一定の速度を守ってはいるが、流れの速さは不規則でもある。
まだ先は見えないので、川岸から川岸にというよりは、川上から川下に向かっているようだ。
いつから舟を漕いでいるのか、また、何故舟を漕いでいるのかは知らない。
舟を漕いでいると意識した時には、すでに舟を漕いでいた。
どこかに辿り着くためというよりも、どこにも辿り着かないように舟を漕いでいるのかもしれない。

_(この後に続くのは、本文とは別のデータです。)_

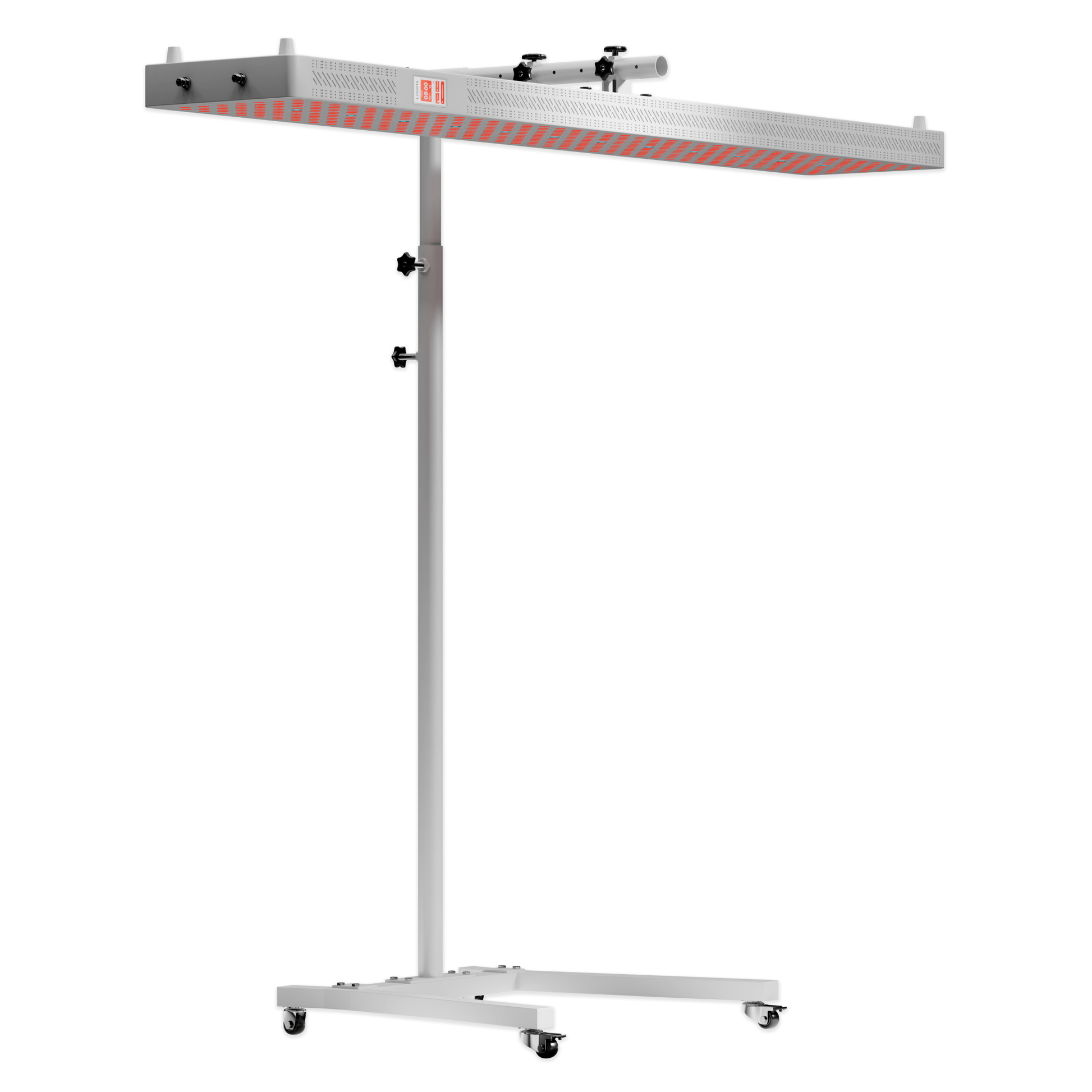 LIROMA® RTL Standaard - Liroma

途中、何度も舟を降りないかと、通りがかりの人間に声をかけられたが、私が返事をする前に、どこか遠くに行ってしまった。
私は何かを決めるのが、人よりも遅いのかもしれない。
あるいは、この舟を降りた先には素晴らしい景色が広がっているのかもしれない。
それでも私は、その一歩を踏み出すことができずにいた。
ここは退屈だが、静かで心地好く、なにより舟を漕ぐことを止めた自分が、田を耕したり、魚を採ったりすることが想像できなかった。

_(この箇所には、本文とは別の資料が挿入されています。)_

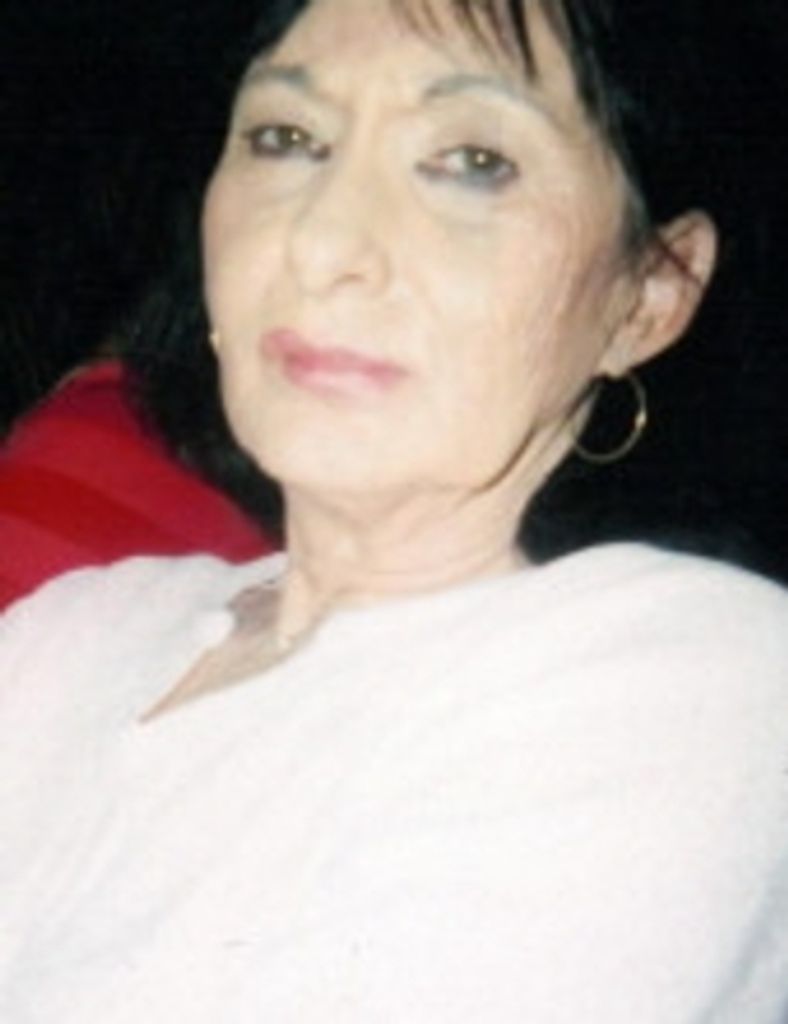 Janice Beard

全ては、推測でしかない。○○かもしれないと、夢想し、恐れ、私は舟を漕ぐ。
私は何も知らない、知りたくないと、私の脳は拒絶する。
私は誰。誰かだった私。私のはずの誰か。
「何を迷っているの?」「え?」
「新しい肉体は既に産まれているのに、君は何をぐずぐずしてるのさ?」
「怖いんだ……すごく」
「ふーん」
「君は誰?」
「それを聞いても意味はないと思うよ。ボクは誰か、君が誰だったか……」
「……知りたくない」
「それも君の自由だ」
「ずっと、ここに居ては駄目なの?」
「それでも良い。けれど、新しく産まれた命は、二度と目を覚まさない」
「……」
「今すぐ決める必要はないさ。君はずっと迷い続けたんだ。これからも、迷い続けるの?」
「それは……」
「なんならボクが、君の肉体を貰ってやろうか?いい考えだと思うんだけど」
「いやだ」
私は、水面に映った自分の顔を指で弾いた。
「それならもう……答えは決まっているんだろう」
私は、新しく産まれ変わる。今度は、いつまで生きれるだろうか。
そんなに長くはないだろう。たぶん、いつかまた、此処に戻ってくるんだろうという予感がした。
心地好いこの場所を離れて、私はあの、騒がしい世界へと帰る。
舟は流れていく。私を乗せずに流れていく。私がこの二本の足で歩き始めるのは、もう少し、先になるかもしれない。